There is a lot of arguments brought forward for in-memory-databases. In principle, if we had unlimited memory, holding all data in memory would allow the fastest access. I think there is no doubt about this.
As we all know, there always was and will be a huge difference in access times comparing memory against hard disks or solid-state drives (SSD).
While pure in-memory databases like SAP HANA offer the fastest access to the data, Teradata decided to go for the 80-20 rule. It states that only 20% of the data is accessed very frequently, and it is good enough (from a cost perspective) to keep this very frequently accessed data in memory. The less accessed data is made available on slower storages (In reality, it is not exactly 80-20, but you get the idea).
Teradata classifies data in cold, warm, hot, and very hot – mainly, this is tightly coupled to the data access frequency. The overall architecture is named Teradata Intelligent Memory.

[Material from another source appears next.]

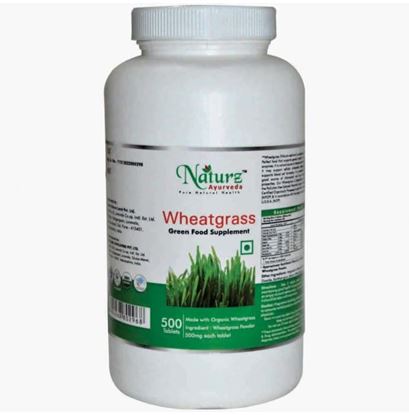 Picture of Naturz Ayurveda Wheatgrass Tablet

Teradata Intelligent Memory is available, starting with Teradata 14.10 and disposable for all systems running on this release.
To understand the concepts behind “data temperature” and the relation to the storage type, we have to know how data is stored in a Teradata system.
One requirement for the Teradata AMPs is that data blocks must be made available in memory before any operation on the rows can occur. Therefore since ever, each AMP had its memory (FSG cache). Starting with Teradata 14.10, AMPs have now additionally memory which is used for the very hot data. Data blocks moved into this memory may stay there even for days.
But how Teradata handles the “not-so-hot” data i.e., cold, warm, and hot data?
In case solid-state drives are available, this would be the next choice. We all know that solid-state storage is faster than hard disks.
But even on hard drives, it makes a big difference on which cylinder data blocks are located.
Below you can see the structure of a hard drive. Each circle represents one disk cylinder.
As you may know, data blocks are stored in cylinders. When a drive spins one time, a full cylinder can be read into memory. As you will immediately recognize, many more data blocks can be placed in the outer (red) cylinder than in the inner (blue) cylinder. Therefore, with one spin, much more blocks from the outer cylinder can be read into memory than from the inner cylinder.
Teradata takes advantage of this fact and puts the cold data into the inner cylinders, while hotter data will be stored in the outer cylinders.
There is a hierarchy in Teradata’s intelligent memory strategy from memory to SSD to disks (while taking into account the different positions of cylinders).
While Teradata’s solution probably never can be as fast as real in-memory database solutions, it is a fair tradeoff between storage limits (which you have on in-memory databases) and performance.